Motorista se negou a buscá-la em um terreiro de candomblé – Foto: Arquivo pessoal
O advogado de Lúcia de Fátima, João do Vale afirmou que a decisão proferida pelo magistrado “revela que o contrato social, ou melhor o Contrato Racial conforme Mills continua em voga privilegiando a uns em detrimento de outros”. Ainda segundo a defesa, a setença ainda expõe a institucionalização do amparo estatal “a práticas discriminatórias por vezes veladas contra os grupos marginalizados”.
“Evidencia ainda que apesar de todo o avanço trazido pela Constituição e pelas Leias da República há um séquito de adoradores da injustiça e da perpetuação dos privilégios. Porém agora as ações destes estão sob a luz do dia e felizmente recebendo a atenção devida da sociedade civil e das autoridades constituídas”, declarou.
Denúncia ao MP
O Instituto de Desenvolvimento Social e Cultural Omidewa, questionou a sentença e afirmou que o juiz desconsidera que “a dor e o dano não dependem de uma prova de intenção maliciosa, mas da consequência de um ato de violência disfarçado de liberdade religiosa”.
O Instituto também aponta que a decisão “legitima o preconceito e nega a existência do dano”. O caso foi encaminhado ao Ministério Público da Paraíba (MPPB), que abriu um procedimento para apurar o caso.
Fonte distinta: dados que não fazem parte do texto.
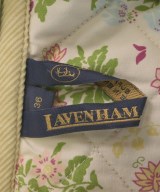 LAVENHAM（ラベンハム）その他 カーキ サイズ:36(M位) レディース/2200614611038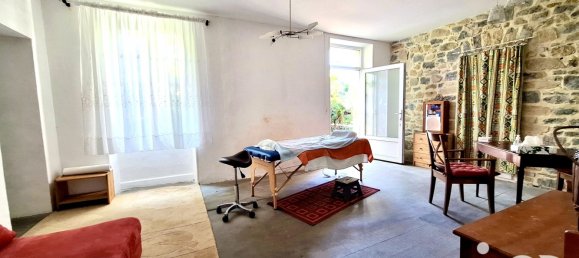 5 bedrooms House in Ales, France No. 296895 24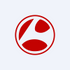 China Suntien Green Energy Corporation Limited (0956.HK) Logo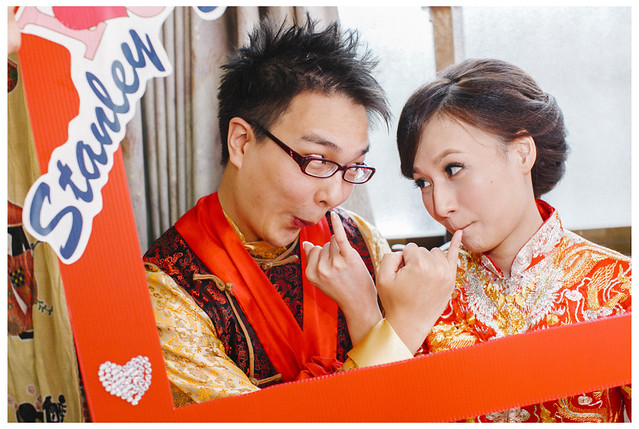 百亨與昶昱的歡喜婚禮_086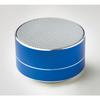 Wireless Aluminum Speaker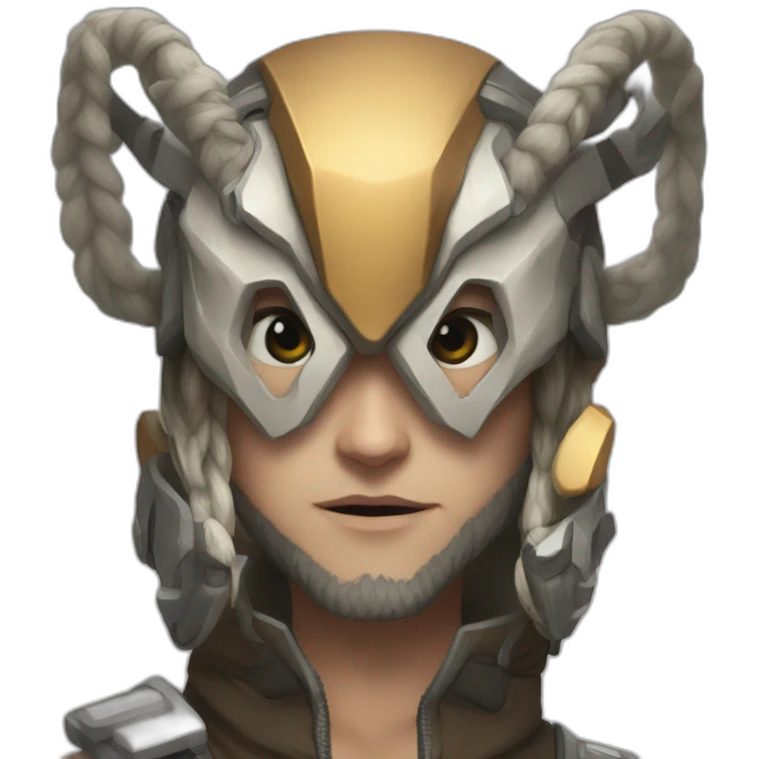 slingshot polaris emoji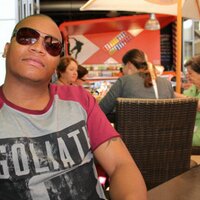 Orapeleng (@orapeleng_m) 's Twitter Profile Photo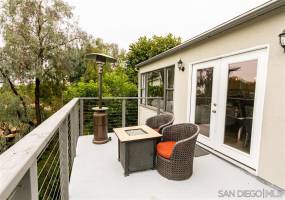 3975 Henry St, San Diego, California, United States 92103, 4 Bedrooms Bedrooms, ,For sale,Henry St,200029430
A reportagem teve acesso ao procedimento, em que a promotora Fabiana Lobo determina as seguintes medidas:
-
Que uma cópia do processo seja encaminhada para Corregedoria Nacional de Justiça e para a Corregedoria de Justiça do Tribunal de Justiça da Paraíba, análise e adoção de possíveis medidas sobre a conduta do juiz e o desrespeito ao Protocolo de Julgamento com Perspectiva Racial;
-
Ofício à Delegacia de Repressão aos Crimes Homofóbicos, Étnico-Raciais e Delitos de Intolerância Religiosa (DECHRADI) para levantamento de inquéritos sobre racismo religioso na Paraíba, no prazo de até 15 dias úteis;
-
Ofício ao Centro Estadual de Referência da Igualdade Racial João Balula, pedindo informações sobre registros de casos semelhantes entre 2024 e 2025, também no prazo de 15 dias úteis.